No site do Governo do Estado de São Paulo há recomendações importantes. 
O certo é que todo início de ano, as famílias com crianças em idade escolar se deparam com o mesmo desafio: a correria da compra do material a ser usado no ano letivo. Além da busca pelo melhor preço, os pais ou responsáveis devem ficar atentos se o produto possui o Selo do Inmetro, conforme orientação do Ipem-SP (Instituto de Pesos e Medidas do Estado de São Paulo).
Segundo informações do governo estadual, o selo indica que os produtos possuem os requisitos mínimos de segurança, minimizando a possibilidade de acidentes de consumo e o risco à saúde e segurança das crianças e adolescentes. “Entre eles a alta toxicidade ou presença de bordas cortantes”, explica Ricardo Gambaroni, superintendente da autarquia do Governo do Estado que tem como finalidade proteger o consumidor. Portanto, além de pesquisar os preços é importante fiscalizar também.

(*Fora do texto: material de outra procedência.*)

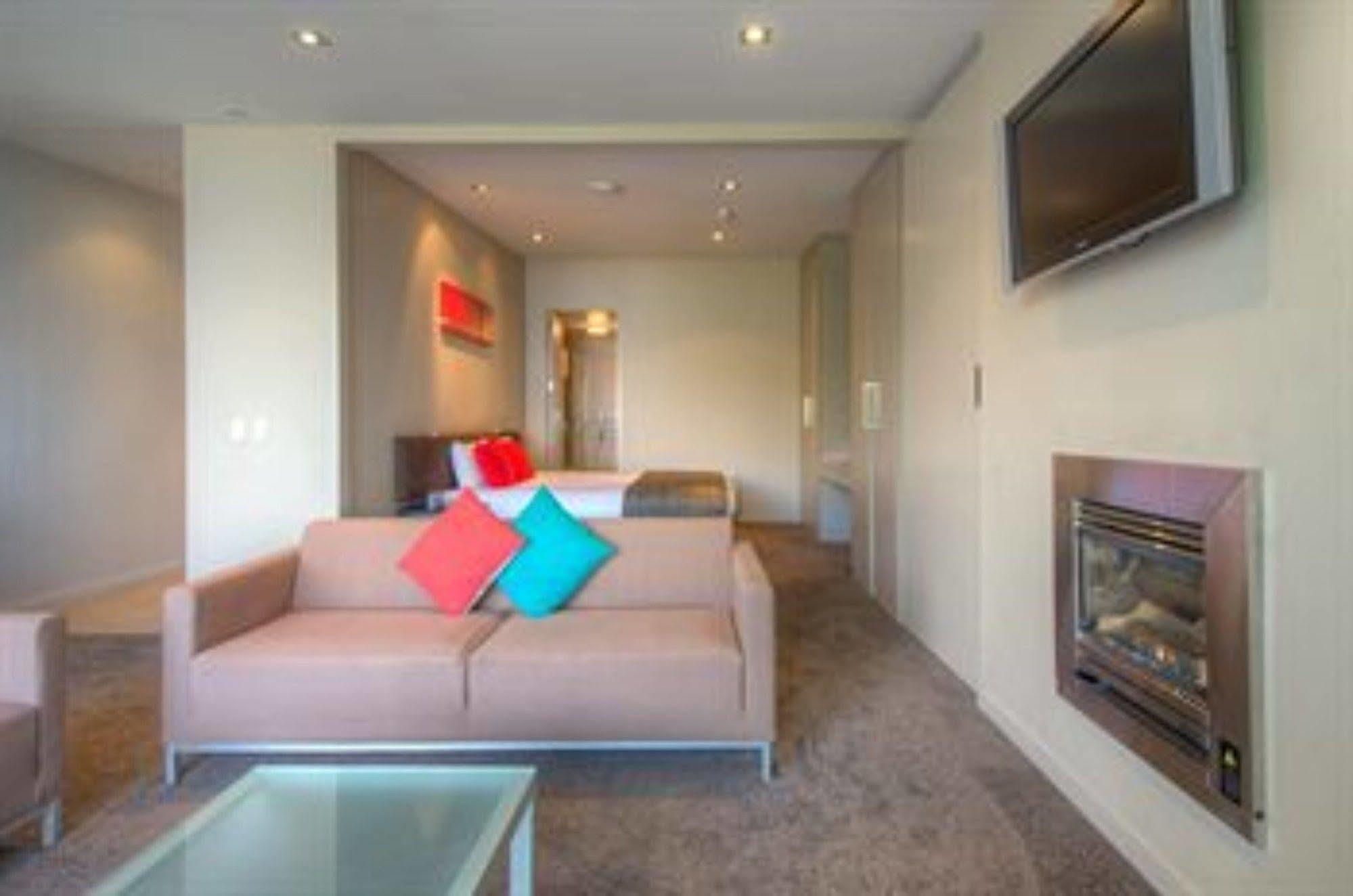 Highview Apartments Queenstown Bagian luar foto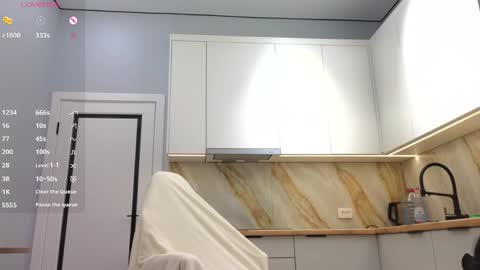 Luna online show from 04-11-26, 01:21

Ao todo, 25 itens integram a lista de artigos escolares que obrigatoriamente necessitam do selo do Inmetro e que, portanto, são fiscalizadas, como apontador, borracha, caneta esferográfica/roller/gel, caneta hidrográfica (hidrocor), cola (líquida ou sólida), corretor adesivo, corretor em tinta, compasso, curva francesa, estojo, esquadro, giz de cera, lápis (preto ou grafite), lápis de cor, lapiseira, marcador de texto, massa de modelar, massa plástica, normógrafo, ponteira de borracha, régua, transferidor, merendeira/lancheira com ou sem seus acessórios, pasta com aba elástica, tesoura de ponta redonda e tinta (guache, nanquim, pintura a dedo plástica, aquarela).
Uma das importantes recomendações é de que no caso de material vendido a granel, como lápis, borrachas, apontadores ou canetas, a embalagem expositora com o Selo do Inmetro deve estar próxima ao produto.
Os órgãos de fiscalização também recomendam a não comprar artigos escolares em comércio informal, pois não há garantia de procedência e tais produtos podem não atender às condições mínimas de segurança.
Em casos de acidentes de consumo envolvendo um artigo escolar ou qualquer outro produto ou serviço, é preciso fazer o relato no Sistema Inmetro de Monitoramento de Acidentes de Consumo – Sinmac (www.inmetro.gov.br/sinmac).
O ano já começou agora a preocupação deve ser com a compra do produto de qualidade e com preços justos.